■ Aim of the exercise
What is needed is the exact text of each line in the listing below from the one with "Stylish lamp on wooden base" up to and including the one with "A group of twelve", and no pictures.
#### Information supplied
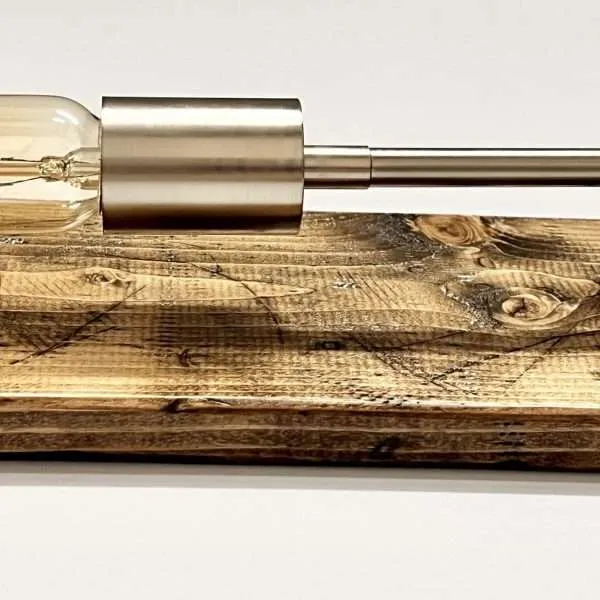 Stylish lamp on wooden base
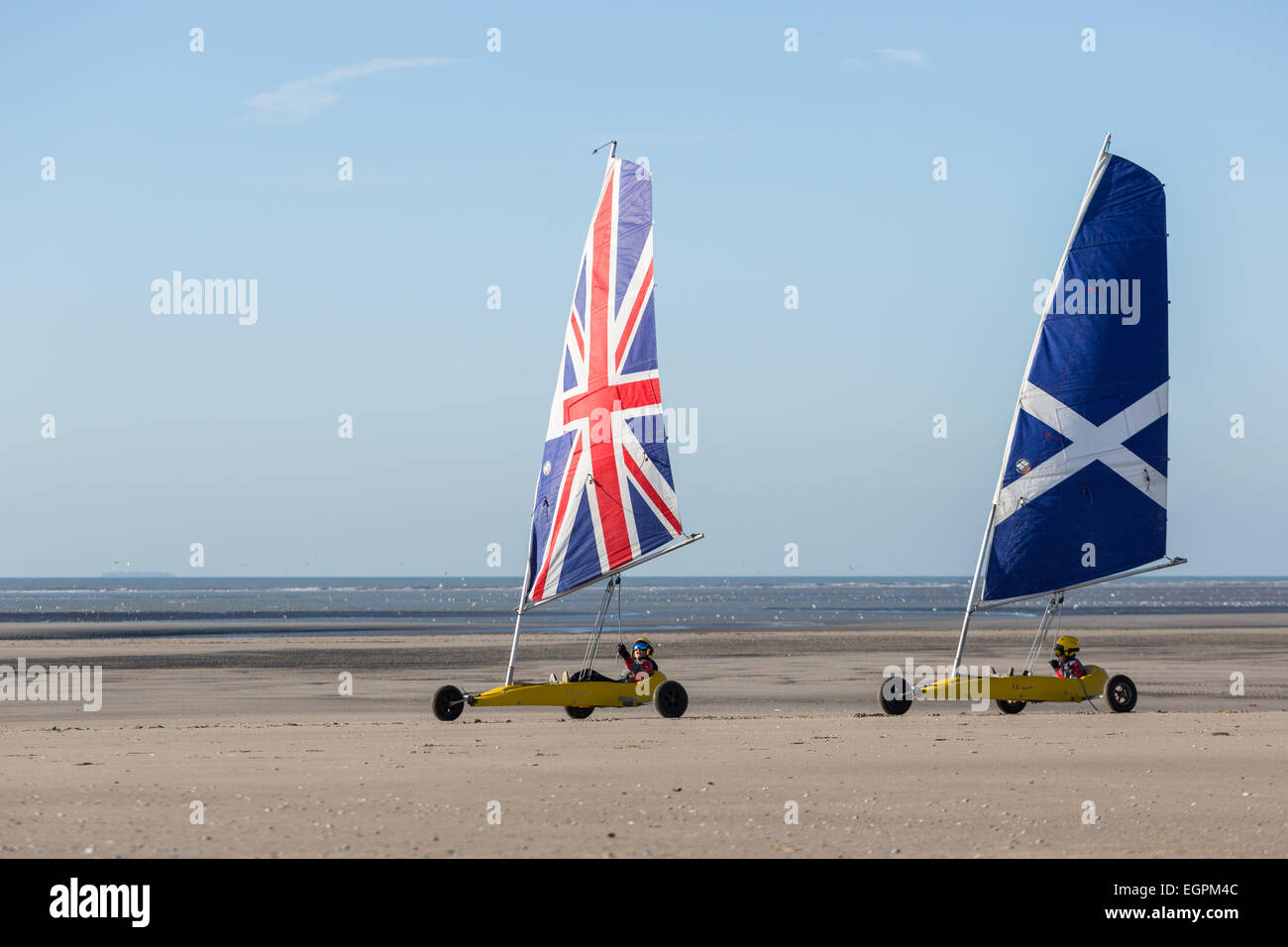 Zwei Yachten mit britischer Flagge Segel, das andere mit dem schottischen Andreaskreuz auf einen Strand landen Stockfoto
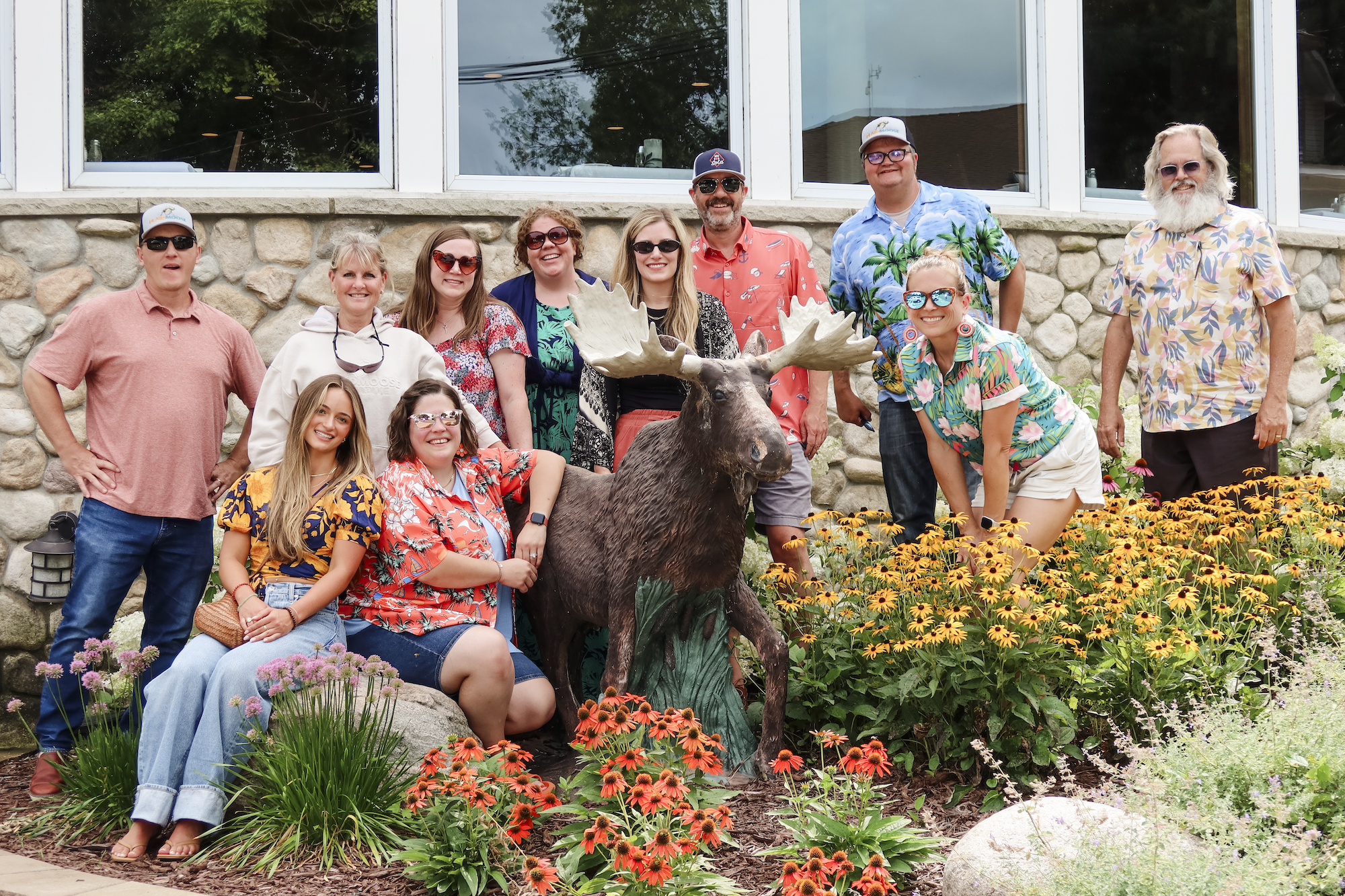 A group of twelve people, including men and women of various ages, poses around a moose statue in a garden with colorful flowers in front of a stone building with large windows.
########
#### Information supplied
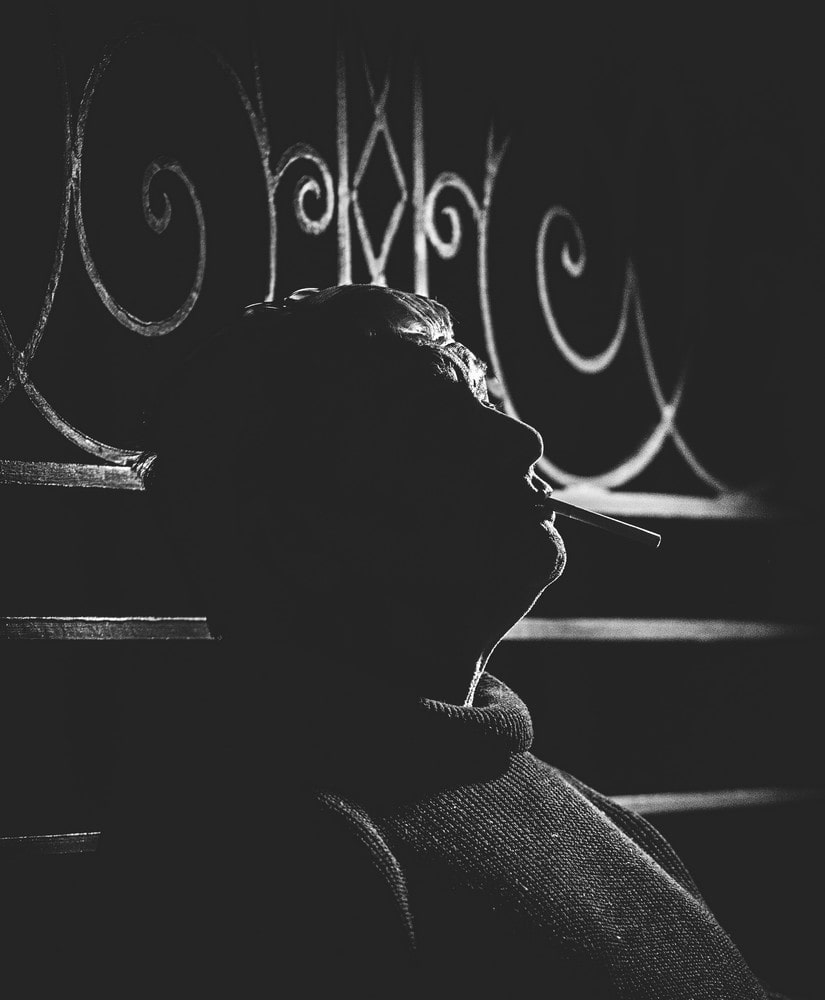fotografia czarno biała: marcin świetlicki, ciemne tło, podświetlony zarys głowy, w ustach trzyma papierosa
########
#### Information supplied
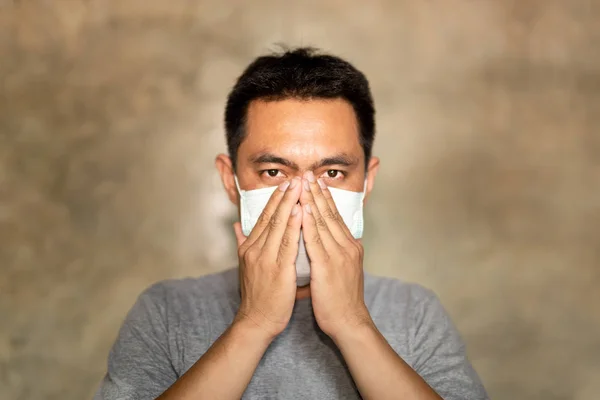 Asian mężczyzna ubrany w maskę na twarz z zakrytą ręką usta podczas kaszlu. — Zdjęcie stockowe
########
■ Answer to the exercise
 Stylish lamp on wooden base
 Zwei Yachten mit britischer Flagge Segel, das andere mit dem schottischen Andreaskreuz auf einen Strand landen Stockfoto
 A group of twelve people, including men and women of various ages, poses around a moose statue in a garden with colorful flowers in front of a stone building with large windows.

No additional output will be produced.